“Thanks for that.” Liv wiped her face with one hand and pulled her damp shirt away from her body with the other. She looked miserable. The Southern Crusty tent was packed, and the finalists were already standing on the makeshift wooden stage. I tried to see over the row of enormous women in front of us, but it was like standing in the Jackson cafeteria line on cookie day.
“I can barely see the stage.” Liv stood on her toes. “Is something supposed to be happening? Did we miss it?”
“Hold on.” Link tried to edge between the smaller of the two enormous women in front of us. “Yeah, we can't get any closer. I give up.”
“There's Amma.” I pointed. “She's won first place almost every year.”
“Amma Treadeau,” Liv said.
“That's right. How did you know?”
“Professor Ashcroft must have mentioned her.”
Carlton Eaton's voice blared over the loudspeaker as he fussed with the portable mic.

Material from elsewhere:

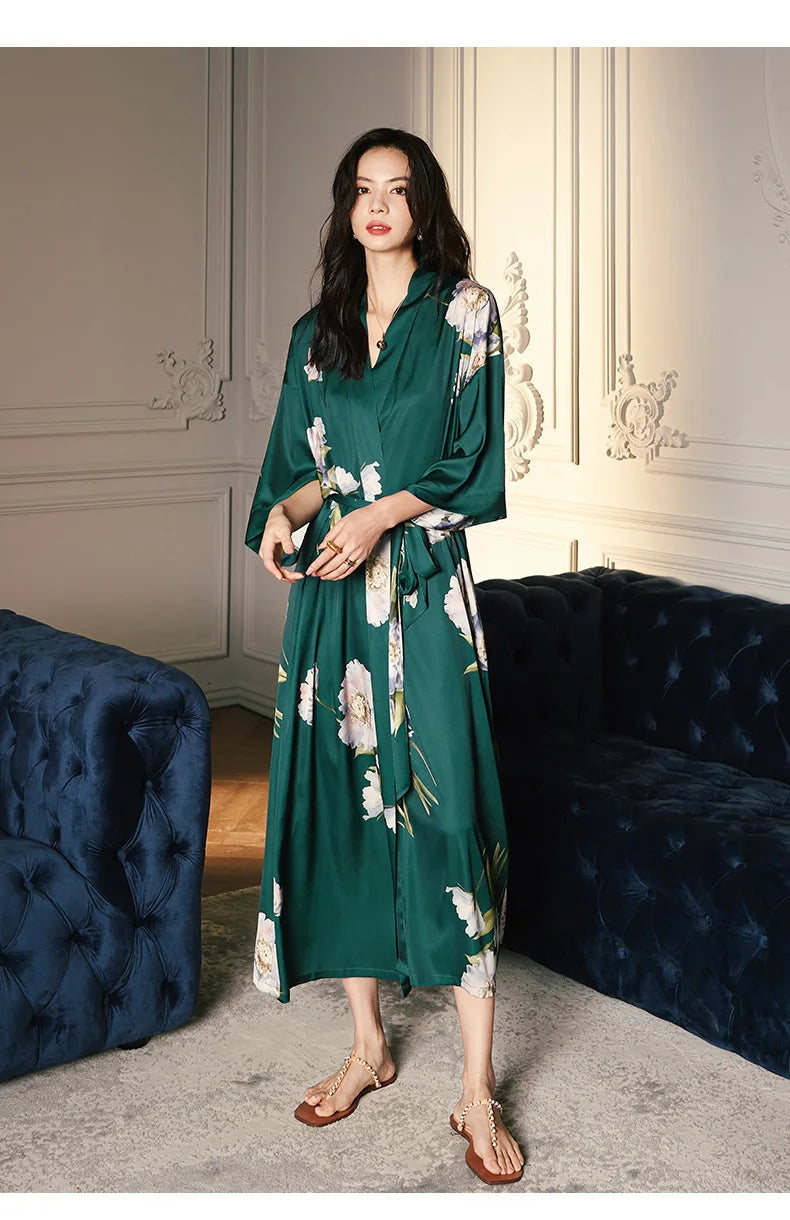 Ensemble de salon en satin kimono The Empress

He always announced the winners because the only thing he loved more than opening everyone's mail was the spotlight. “If y'all will bear with me, folks, we got some technical difficulties … hold on now … can someone call Red? How am I supposed to know how to fix a darn microphone? Shoot, it's hotter than Hades in here.” He mopped his forehead with his handkerchief. Carlton Eaton never managed to remember when the microphone was on.
Amma stood proudly to his right, in her best dress, with the tiny violets all over it, holding her prizewinning sweet potato pie. Mrs. Snow and Mrs. Asher were next to her, holding their own creations. They were already dressed for the Mother-Daughter Peach Pageant that started right after Pies. They were equally frightening in their respective aqua and pink pageant mother gowns, which made them look like aging prom dates from the eighties. Thankfully, Mrs. Lincoln was not in the pageant, so she stood next to Mrs. Asher in one of her standard church dresses, holding her famous chess pie. It was still hard to look at Link's mom without remembering the insanity of Lena's last birthday. You don't see your girlfriend's mother stepping out of your best friend's mom's body too many nights of the year. When I saw Mrs. Lincoln now, that's what I thought of — the moment Sarafine emerged like a snake shedding its skin. I shuddered.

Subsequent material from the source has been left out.